The Diplomat, July 31, 2012
More than a year ago I, along with several colleagues, published a paper entitled “When Fast Growing Economies Slow Down.” In it we predicted that a significant slowdown in Chinese growth was coming. While it was not possible to be precise about the timing, we warned that the number of years for which China’s GDP would continue to grow at high single-digit rates could likely be counted on the fingers of one hand.
We got considerable pushback from critics in China and elsewhere. We had underestimated China’s enormous growth potential, these commentators warned. We failed to appreciate that the country’s growth model was unique and that it was not possible to extrapolate China’s future from the experience of other fast-growing economies.

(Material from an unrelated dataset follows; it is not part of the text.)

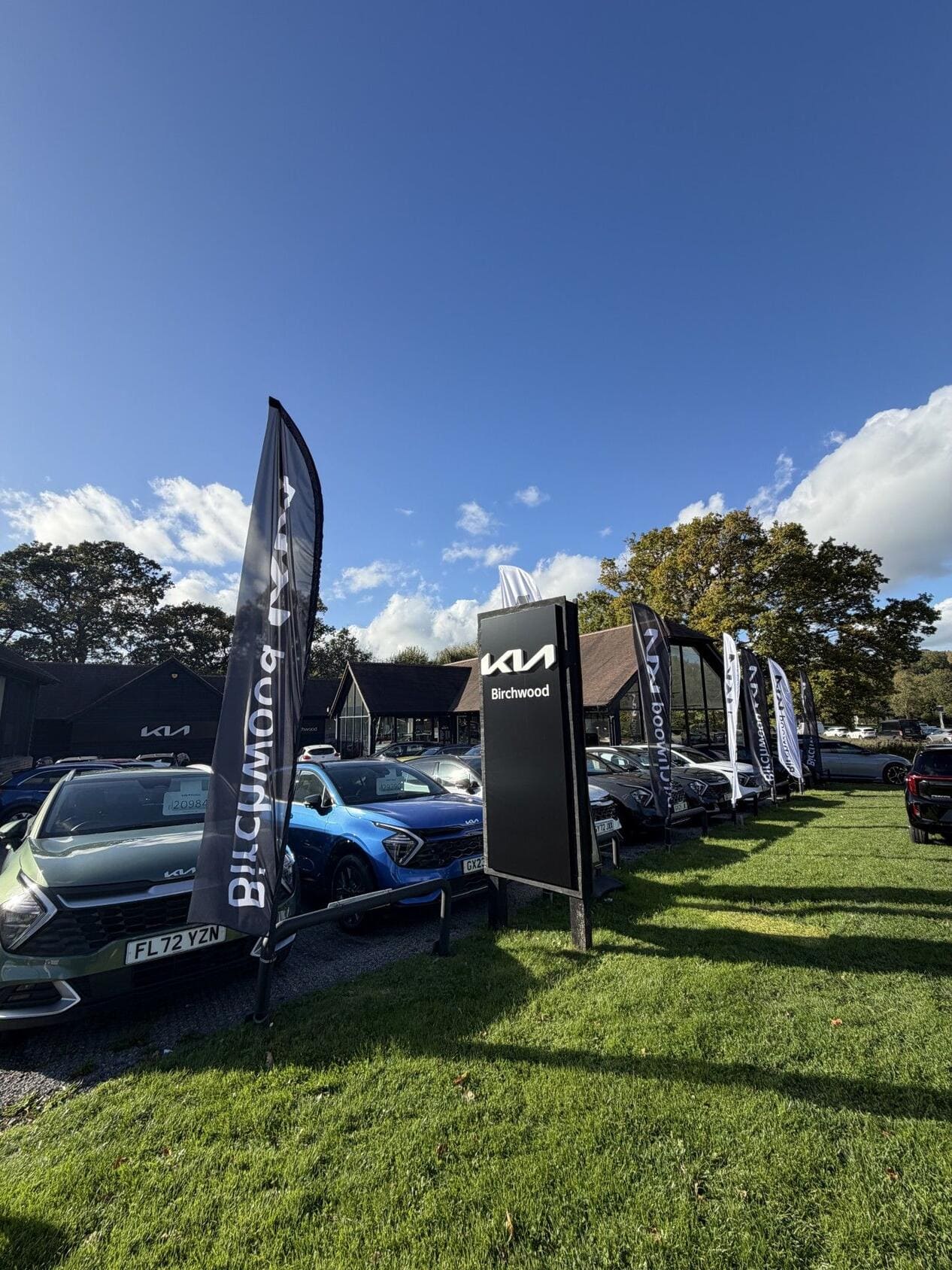 Washington Kia dealership forecourt with vehicles on display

Well, the slowdown is here.
Chinese growth in the second quarter slowed to 7.6 percent, down significantly from the double-digit norms of the past. Indeed the official figures may understate the magnitude of the change. The growth of electricity consumption has been falling even faster; at its most recent reading it has fallen to virtually zero. Unless the Chinese steel and aluminum industries have discovered how to make do without electricity, it would appear that their growth has virtually ground to a halt. That producer prices are falling is more evidence of weak demand.

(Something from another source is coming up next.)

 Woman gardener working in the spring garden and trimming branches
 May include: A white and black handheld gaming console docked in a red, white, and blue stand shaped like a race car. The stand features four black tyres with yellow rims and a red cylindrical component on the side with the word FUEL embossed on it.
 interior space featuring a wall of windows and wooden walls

The question is how much of this deceleration is structural, reflecting the fact that no economy can grow by ten percent per annum forever, and how much is cyclical, reflecting the weakness of the global economy. Clearly part of what we are seeing is structural. The Chinese population is aging. Labor force growth is slowing. Workers, especially in the urban centers, are demanding higher wages, which are being granted to ensure social stability and in response to pressure from foreign companies concerned with matters of image, all of which raises production costs. Other lower-cost national producers, in East Asia and elsewhere, are nipping at China’s heels. At the same time, part of the deceleration is cyclical. The tepid recovery in the United States and crisis in Europe augur poorly for Chinese exports, which were up by only 9 percent in the first half of 2012. When – it is tempting to say “if” – Europe and the U.S. begin to do better, exports and the growth of the Chinese economy should pick up again.